In this study the effects of the loan on livelihood improvement, were assessed by investigating on the situation before and after the acquisition of the loans for men and women.

METHODOLOGY

The study used mixed research approach and convergent research design. Convergent design is one of the specific mixed methods designs, others include; Explanatory Sequential Design and Exploratory Sequential Design (Creswell, J.W., & Creswell, J.D. (2018). Mixed methods approach helped collect comprehensive and in-depth information that helped unearth gendered dimensions of borrowing and utilization. A Combination of quantitative and qualitative methods was used. The study was conducted in Kitui County in the South Eastern region of Kenya. Most parts of the County are semi-arid experiencing low rainfalls and frequent droughts. The study population was drawn from three sub counties which is 42.9% of the total number of sub counties of Kitui County. The study population included men and women who had loans from the micro finance banking branch of Sidian Bank, staff members of the bank and spouses of the borrowers. The population of the study was sampled from the total population of 2100 women and men microfinance borrowers of Sidian Bank and the spouses of the married ones. The percentage of women borrowers was at 56%. So as to get a reasonable sample size, a 95% level of confidence and a 6.5% confidence interval was used to select a sample. Purposive sampling technique was used.

RESULTS

The study sought to determine the intervening effect of gender norms on utilisation of loans borrowed from Sidian Bank and livelihood outcome. Gender norms work to construct ideas of what is “normal” for a man or woman, and in turn, what is considered “abnormal”.  Thus, gender norms are often considered to be damaging to individual liberty. Examples of gender norms include and are not limited to house chores for women, cooking food, fetching water and household fuel arrangements while men are supposed to provide shelter, education and own land and livestock.

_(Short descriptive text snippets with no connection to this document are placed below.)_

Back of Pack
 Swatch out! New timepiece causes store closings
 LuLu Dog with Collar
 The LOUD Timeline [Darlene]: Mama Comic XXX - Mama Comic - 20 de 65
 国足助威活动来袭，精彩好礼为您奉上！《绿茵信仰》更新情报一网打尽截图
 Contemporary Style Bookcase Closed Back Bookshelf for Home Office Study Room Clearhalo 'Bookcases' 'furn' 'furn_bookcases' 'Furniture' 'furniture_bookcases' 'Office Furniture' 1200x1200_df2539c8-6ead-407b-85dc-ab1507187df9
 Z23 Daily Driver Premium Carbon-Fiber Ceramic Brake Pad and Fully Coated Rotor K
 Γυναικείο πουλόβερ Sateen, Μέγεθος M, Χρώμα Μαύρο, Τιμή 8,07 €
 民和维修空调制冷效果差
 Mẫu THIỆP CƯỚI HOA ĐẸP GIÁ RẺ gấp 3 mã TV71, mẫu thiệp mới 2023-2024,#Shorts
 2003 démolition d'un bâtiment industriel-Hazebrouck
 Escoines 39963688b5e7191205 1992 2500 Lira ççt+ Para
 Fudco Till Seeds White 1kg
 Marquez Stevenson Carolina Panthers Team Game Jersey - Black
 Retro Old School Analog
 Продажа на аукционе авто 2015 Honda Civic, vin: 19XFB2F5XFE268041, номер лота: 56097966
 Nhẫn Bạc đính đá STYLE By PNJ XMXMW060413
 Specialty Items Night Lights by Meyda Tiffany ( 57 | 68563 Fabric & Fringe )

Effects of loans were investigated against livelihood measures. The study categorised as livelihood measure; Sources of Water, Physical Assets, form of dwelling and financial assets. The effects were also assessed by investigating on the situation before and after the acquisition of the loans for men and women. Hypothesis testing on the Livelihood Measure was done through The Mann Whitney U test comparing the situation of men and women before and after borrowing.

A big number of respondents noted that the rise of microfinance borrowing has changed the patterns created by society norms of their community. It is evident from their policy that Sidian bank through its microfinance arm purposes to facilitate and help households overcome financial barriers by offering financial reprieve. These findings have however shown mixed results of success. In some cases positive livelihood outcomes were recorded as short lived, the loan enabled a woman pay school fees for her child and eventually she lost a television set. On one hand there are borrowers who have managed to improve their livelihoods but on the other hand a lot of families have lost household property due to defaulting of loans. The study has also given clear gender differentials on the extent to which these initiatives have succeeded in addressing the livelihood improvement and challenges faced by Sidian bank borrowers‘ households especially from a gender perspective. Effects of good utilisation include better homes as stated above and an increase in literacy levels as more children are educated using the loan money. Some of these effects are measurable but others are not, for example one cannot measure the extent of lifestyle improvement like stated above where some women are accused of changing lifestyle after acquiring loans.

Livelihood Measure

To assess the effects of the borrowed money on the household, the study carried out an assessment per gender.

The study found that there were no men borrowers who utilized their borrowing to paying for house even though 9.5% of the women borrowers did so. The results also revealed that 3.9% of the men borrowers stopped working as compared to 6.2% of the women borrowers. The loans therefore affected men and women differently; according to the findings there were more men who changed their forms of trade than women while there were more women who quit employment to own businesses after acquiring the loans.  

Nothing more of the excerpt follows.